The iconic steel structure, at 1,083 feet tall, is probably the first thing to come to your mind when you think of Paris. The crowds and lines are formidable — every day, an average of 25,000 visitors flock here — and figuring out the best way to tackle an Eiffel Tower visit has become a challenge. As you surely don’t want to waste your day standing in line, here are a few tips on how to beat the crowds and get the most out of your trip.
The Eiffel Tower is composed of three levels: the first floor, the second floor, and the summit. The first level has museum exhibits, a glass floor, changing exhibitions, souvenir shops, and restaurants. The second has more eateries and shops, the Jules Verne restaurant, and an observation area. The summit is primarily an observation area, 905 feet above the ground, making it the highest observation deck in Europe. The top floor is split across two levels, and you’ll also find a champagne bar and a reconstruction of Gustave Eiffel’s office.

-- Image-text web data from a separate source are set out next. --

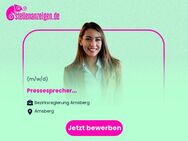 Pressesprecher (m/w/d) - Arnsberg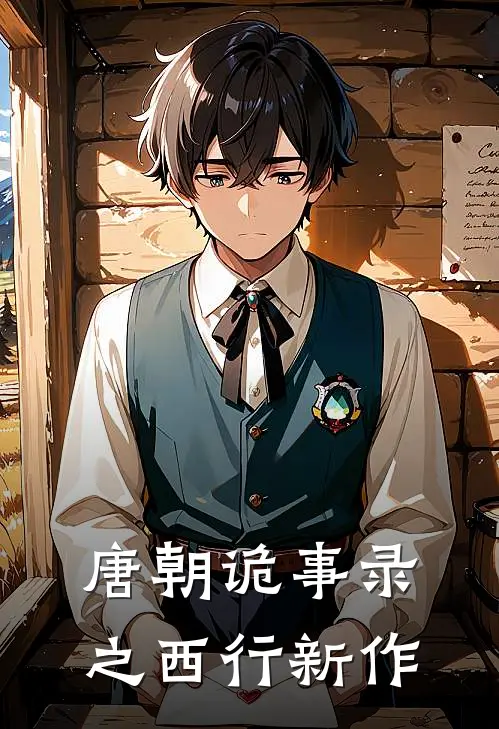 唐朝诡事录之西行新作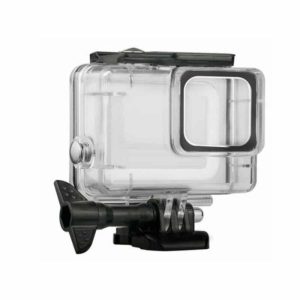 10526-700×700-1 Action Mounts Underwater Waterproof Housing Case for GoPro Hero 5/6/7 Silver & White (AM700)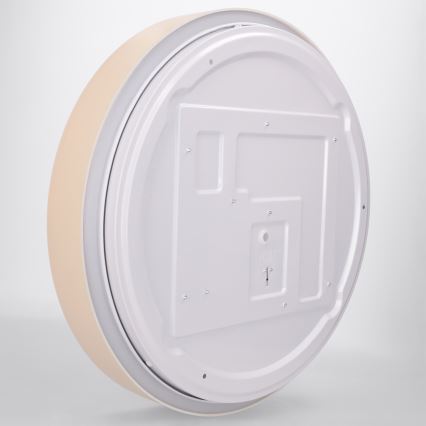 Brilagi - Plafoniera LED dimmerabile WALDO LED/48W/230V 3000-6500K Ø 40 cm beige/oro + telecomando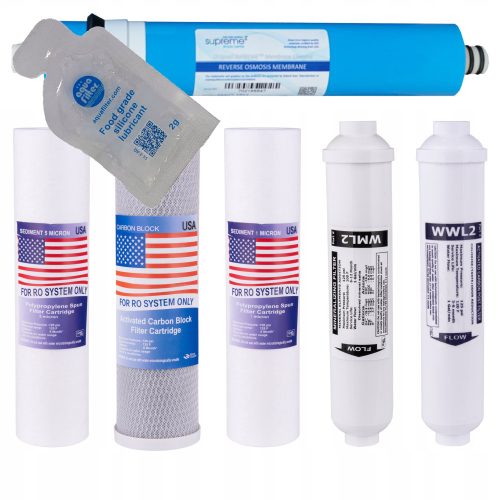 Top Filter filter uložak SET ULOŽAKA RO6 M75S 6 kom.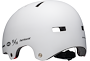 BELL LOCAL Cykelhjälm Skate Matt Vit Fasthouse från TCMcykel.se Artikel nr: 34266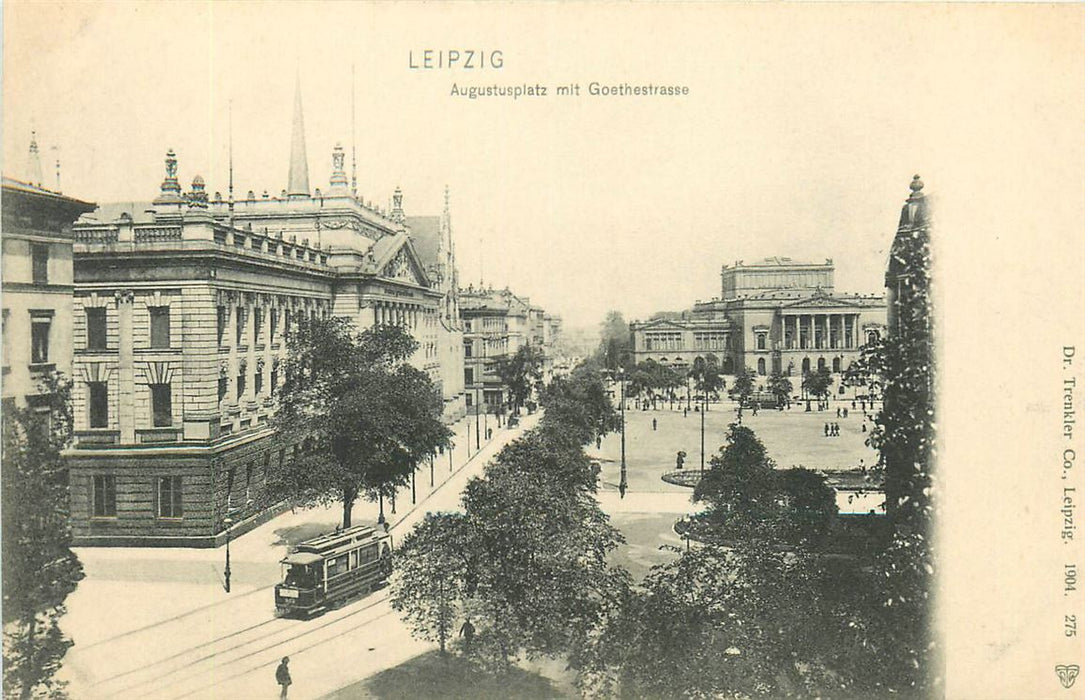 Leipzig Augustusplatz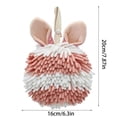 thumbnail image 3 of Cartoon Hand Towel Kangle Hanging Type Thickened Water Absorbing Hand Hangable Hand Towel, 3 of 9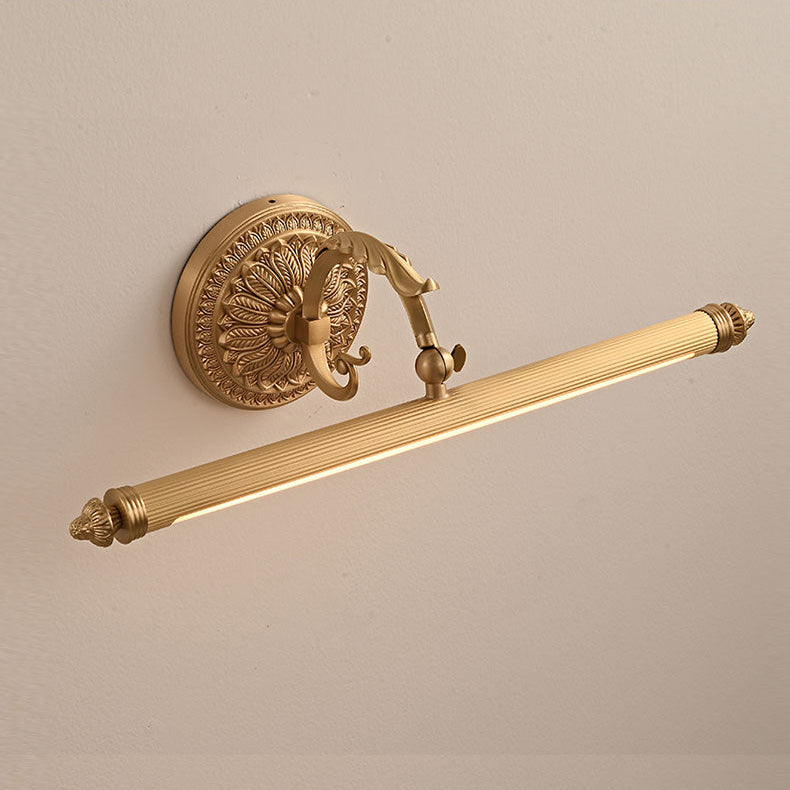 RoyaleGlow Modern Copper LED Vanity Light for Bathroom Mirror, Artwork & Picture Lighting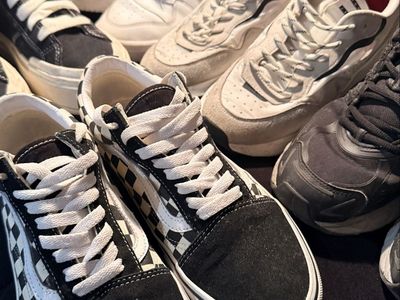 All Shoes used/ Sell All Together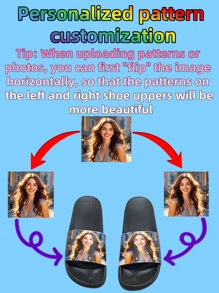 Personalizowane buty damskie - spersonalizowany wzór, zdjęcie lub logo, świetny prezent dla rodziny, przyjaciół, klientów, odpowiednie do hotelu, na plażę, na święta, na imprezę, ozdobne, stylowe, modne, hipsterskie, dopasowane, codzienne, urocze ślicznotki, minimalistyczny szyk, przytulne, niestandardowe, wyjątkowe, spersonalizowane, idealne prezenty dla jej rodziny, przyjaciół, ozdobne, stylowe, hipsterskie, dopasowane, codzienne, urocze ślicznotki, minimalistyczny szyk, przytulne, niestandardowe, wyjątkowe, spersonalizowane, idealne prezenty dla jej rodziny, przyjaciół, spersonalizowane kapcie damskie, łatwe w utrzymaniu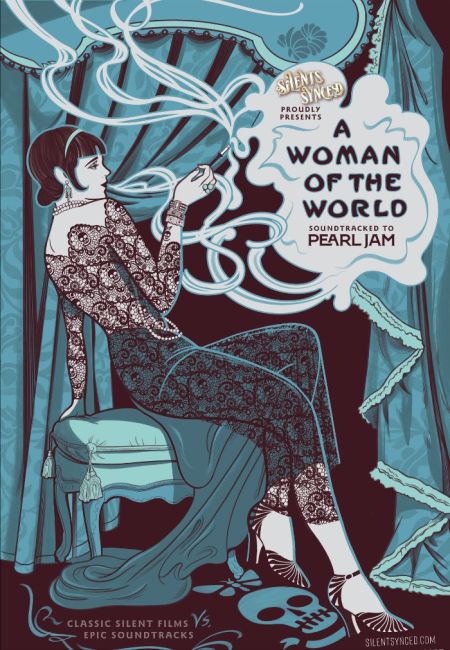 Tahoe Art Haus & Cinema, Silents Synced: Pearl Jam + A Woman of the World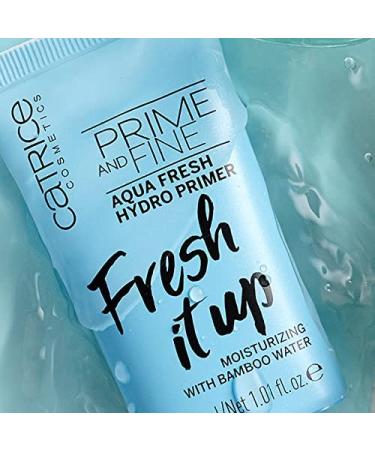 Catrice Prime And Fine Aqua Fresh Hydro Primer - Hydrating Makeup Base for Flawless Skin | Shop Internationally - Buy Online on GoSupps.com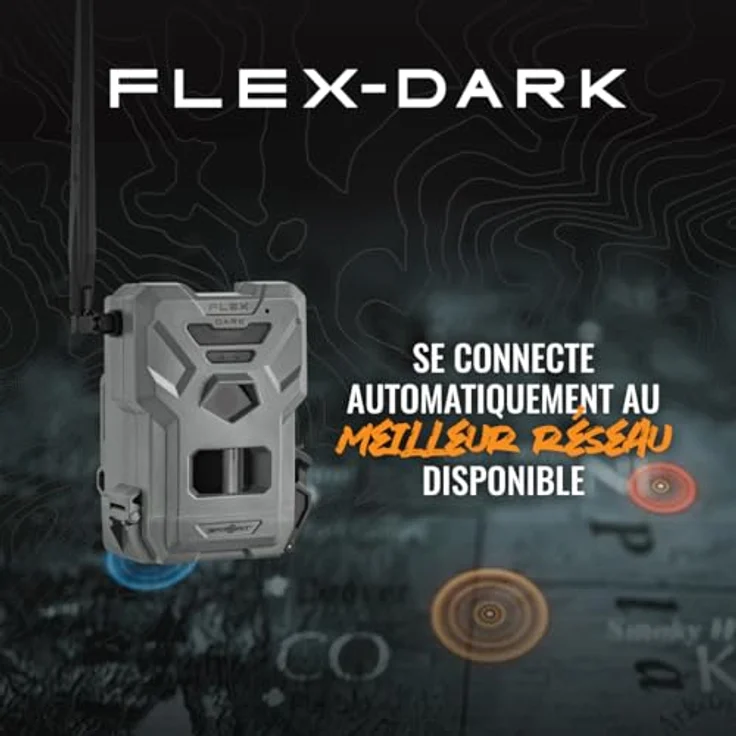 Spypoint FLEX-DARK, Wildkamera Twin Pack mit 40 MP Auflösung, 1080p Full HD Video und 30 m Reichweite – Bild 7
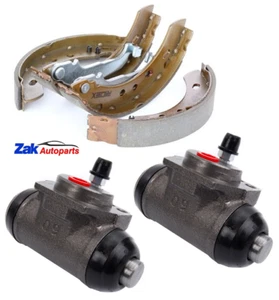 FOR NISSAN MICRA K11 1.0 & 1.3 93-01 REAR BRAKE SHOES SET + 2 WHEEL CYLINDERS - Picture 1 of 1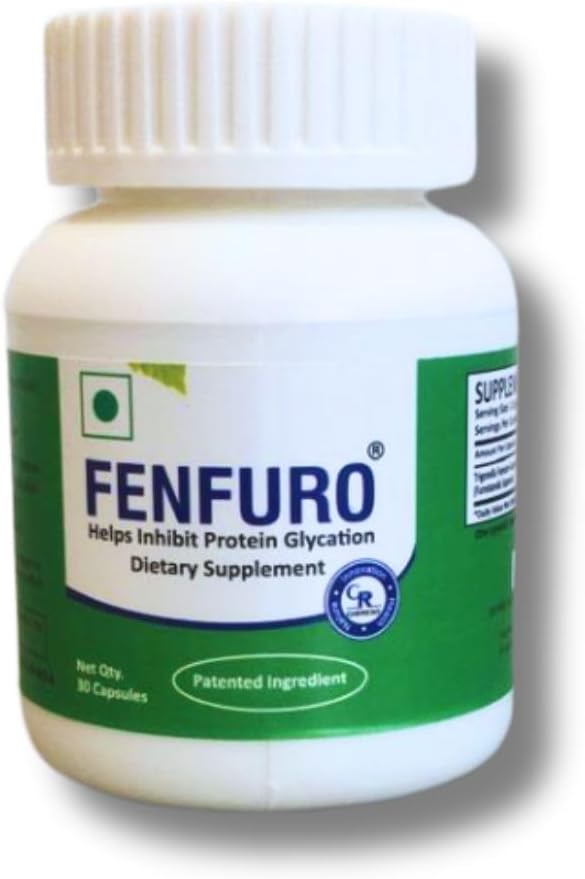 FENFURO Fenugreek Seed Extract | Food Supplement | 30 Capsules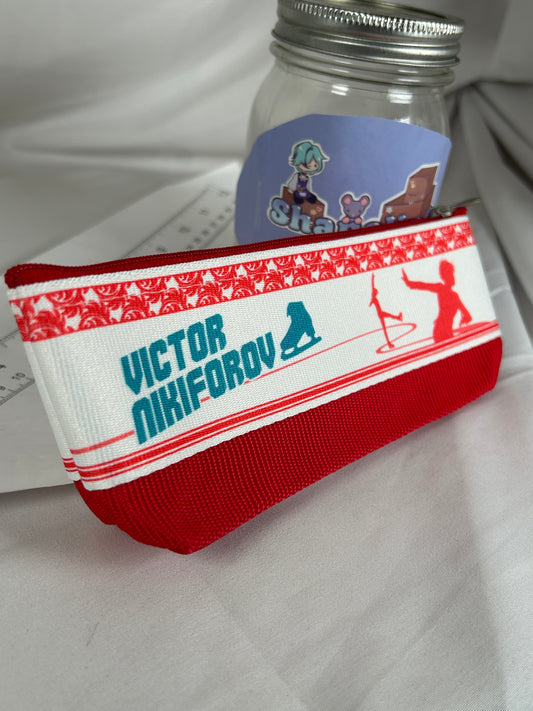 Victor Nikiforov Pencil Case Pouch Yuri on Ice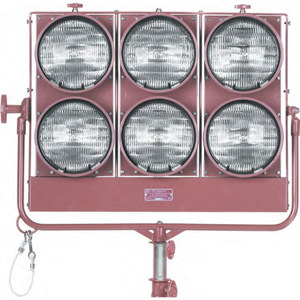  Mole-Richardson 6kW 6 Quartz Light MOLEPAR 
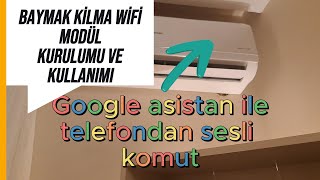 Baymak Klima WIFI Modülü İncelemesi ve Nasıl Kurulur [upl. by Bob]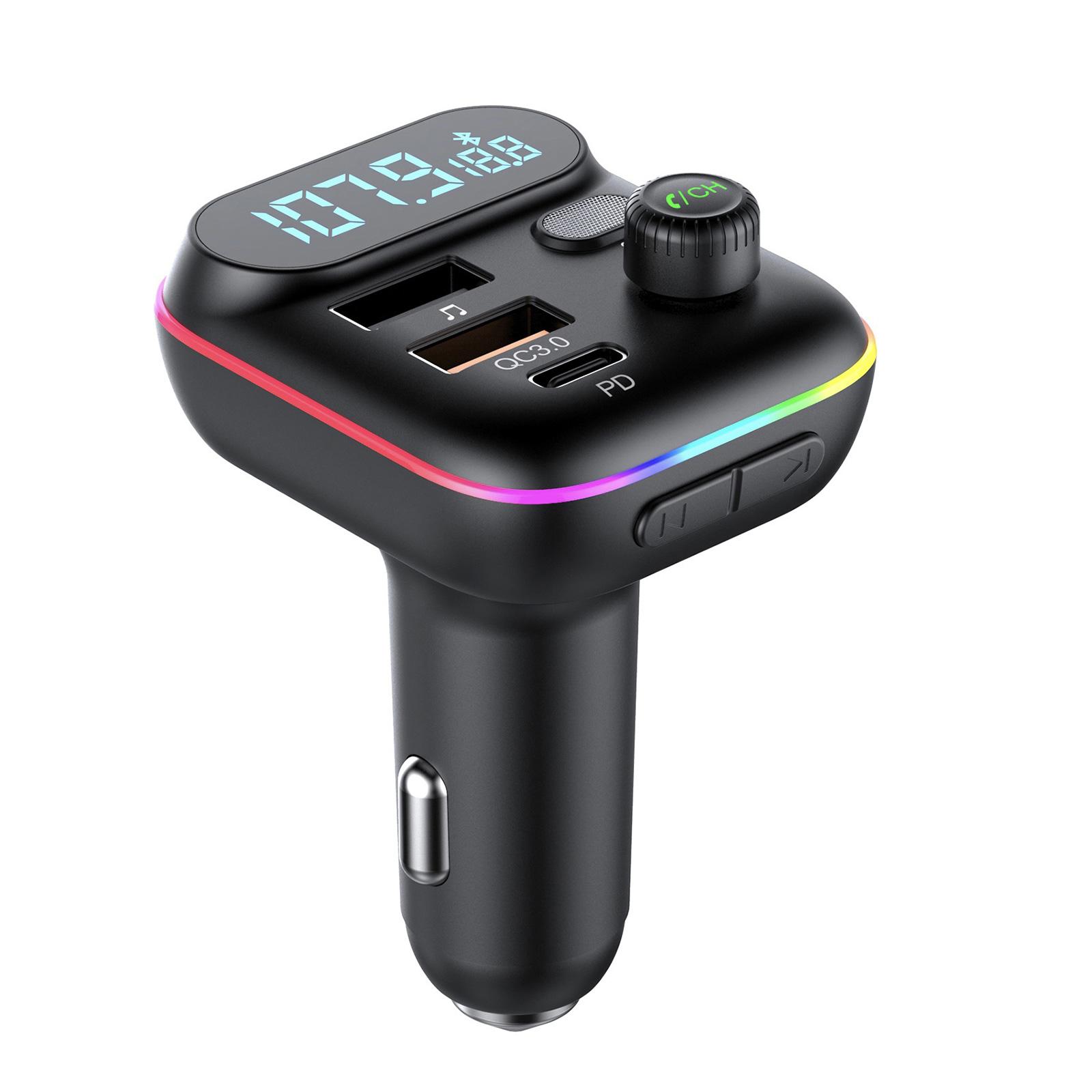 

Bluetooth-совместимый комплект адаптеров AUX 5,0, автомобильный музыкальный приемник с шумоподавлением для домашних стереонаушников, громкая связь, звонки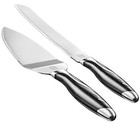 Cake Knife And Server Set  Cake Cutter And Spatula  Cake Server   Knife Set Of 2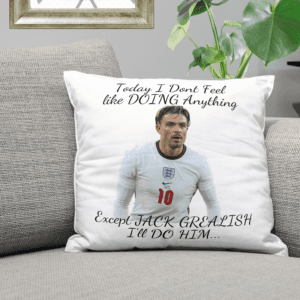 Jack Grealish england football cushion gift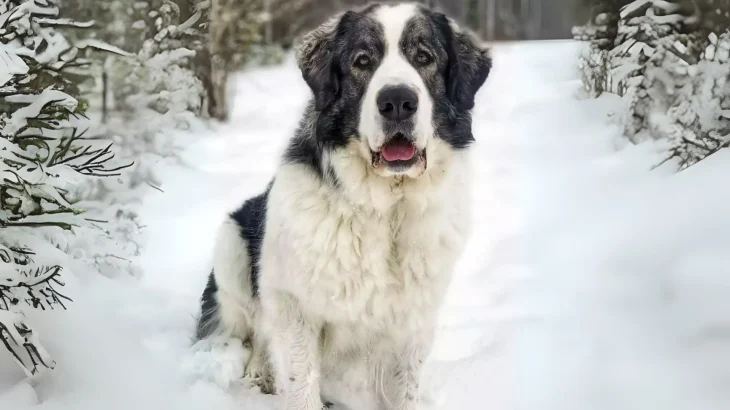 Pyrenean Mastiff Dog photo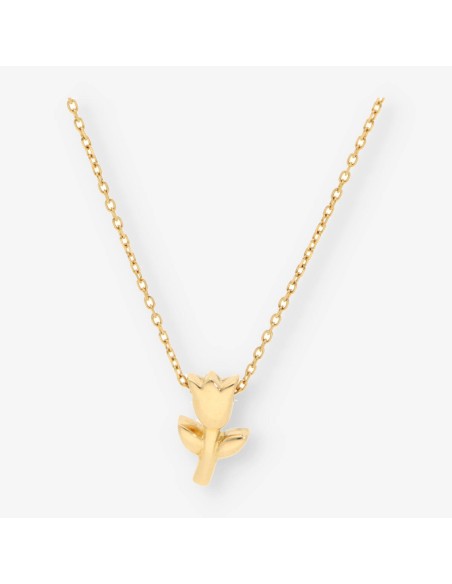 Gargantilla tulipÃ¡n oro TOUS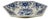 Shallow Delftware Dish attributed to Royal Delft, 1920s For Sale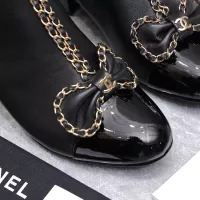 $130.00 USD Chanel Boots For Women #1357880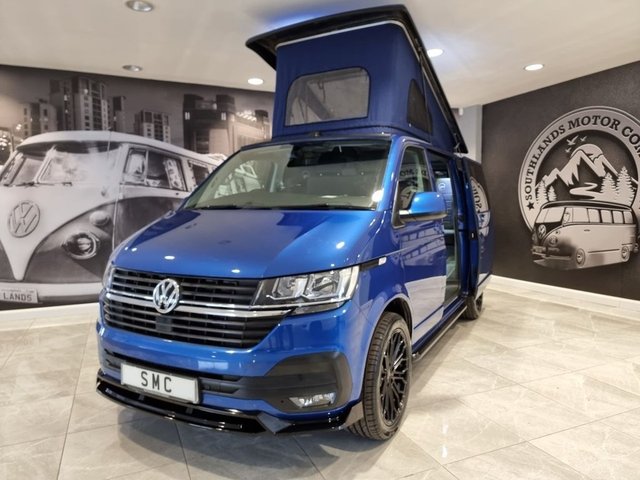 View our Volkswagen Transporter range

The time you’ll wait in line will depend on several factors; namely the time of day, time of year, whether you’ve pre-booked tickets or a tour, how high you wish to go, and whether you want to take the elevator or the stairs.
Tips To Beat The Crowds
1. Know The Best Days And Times
The best months to visit the Eiffel Tower are October through March. Tuesdays, Wednesdays, and Thursdays, 9–11 a.m. and 8–10 p.m. are the best times. That’s generally when the crowds are crowds are smaller and the lines shorter.
2. Buy Tickets In Advance
The most popular way of scaling the tower is by one of the elevators in its pillars. The north, east, and west pillars all have elevators that will take you to the first and second floors from the ground floor. Bear and mind that, due to its popularity, the waiting time at the elevators usually ranges from 1–2 hours — and that’s after you’ve made it through the ticket queue. You can shorten your wait by purchasing a ticket in advance.
Anyone can purchase tickets via the official Eiffel Tower website up to 2 months in advance. You choose a specific time and decide if you want to go all the way to the summit or just to the second floor. Purchasing a ticket in advance allows you to skip the ticket line.
There’s a downside, though. You’re committed to a date and time. What happens if you get there at the appointed hour and it turns out to be raining, or the tower is shrouded in fog? Personally, I’d be tempted to choose the pre-purchase option only if my time in Paris was short and I had no choice of day to visit.
Pro Tip: Be aware that if you’re more than 30 minutes late for your ticketed time slot, you’ll lose your spot.
3. Eat A Meal
Ensconced in the Eiffel Tower are three culinary stars: 58 Tour Eiffel, Le Jules Verne, and the Bar á Champagne. With fabulous views, these eateries all provide guests with the rare opportunity to dine on top of a premier world landmark. Booking a meal at one of these restaurants comes with a huge perk: You get to skip the long entry line! The restaurants have their own elevator, reserved only for restaurant guests. Dinner reservations guarantee skip-the-line access.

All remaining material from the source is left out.